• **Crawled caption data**
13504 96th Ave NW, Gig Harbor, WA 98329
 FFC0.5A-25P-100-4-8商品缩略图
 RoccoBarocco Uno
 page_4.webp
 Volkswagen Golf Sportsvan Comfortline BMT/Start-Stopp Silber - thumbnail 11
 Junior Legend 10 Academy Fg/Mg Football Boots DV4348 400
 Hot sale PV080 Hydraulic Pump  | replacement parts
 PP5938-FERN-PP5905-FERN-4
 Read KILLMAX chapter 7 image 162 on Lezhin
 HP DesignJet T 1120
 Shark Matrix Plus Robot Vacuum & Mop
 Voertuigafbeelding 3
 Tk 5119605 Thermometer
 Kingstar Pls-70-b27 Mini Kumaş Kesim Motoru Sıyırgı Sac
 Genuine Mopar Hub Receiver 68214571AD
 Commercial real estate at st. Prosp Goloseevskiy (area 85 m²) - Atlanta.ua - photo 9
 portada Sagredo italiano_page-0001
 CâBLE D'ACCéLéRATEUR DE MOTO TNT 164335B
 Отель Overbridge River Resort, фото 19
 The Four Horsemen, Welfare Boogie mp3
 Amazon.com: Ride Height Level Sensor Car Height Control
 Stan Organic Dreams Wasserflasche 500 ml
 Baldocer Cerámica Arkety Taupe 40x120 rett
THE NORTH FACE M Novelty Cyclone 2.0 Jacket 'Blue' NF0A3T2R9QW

• **What you have to do**
Write an exact transcription of every entry above.

• **Exercise answer**
13504 96th Ave NW, Gig Harbor, WA 98329
 FFC0.5A-25P-100-4-8商品缩略图
 RoccoBarocco Uno
 page_4.webp
 Volkswagen Golf Sportsvan Comfortline BMT/Start-Stopp Silber - thumbnail 11
 Junior Legend 10 Academy Fg/Mg Football Boots DV4348 400
 Hot sale PV080 Hydraulic Pump  | replacement parts
 PP5938-FERN-PP5905-FERN-4
 Read KILLMAX chapter 7 image 162 on Lezhin
 HP DesignJet T 1120
 Shark Matrix Plus Robot Vacuum & Mop
 Voertuigafbeelding 3
 Tk 5119605 Thermometer
 Kingstar Pls-70-b27 Mini Kumaş Kesim Motoru Sıyırgı Sac
 Genuine Mopar Hub Receiver 68214571AD
 Commercial real estate at st. Prosp Goloseevskiy (area 85 m²) - Atlanta.ua - photo 9
 portada Sagredo italiano_page-0001
 CâBLE D'ACCéLéRATEUR DE MOTO TNT 164335B
 Отель Overbridge River Resort, фото 19
 The Four Horsemen, Welfare Boogie mp3
 Amazon.com: Ride Height Level Sensor Car Height Control
 Stan Organic Dreams Wasserflasche 500 ml
 Baldocer Cerámica Arkety Taupe 40x120 rett
THE NORTH FACE M Novelty Cyclone 2.0 Jacket 'Blue' NF0A3T2R9QW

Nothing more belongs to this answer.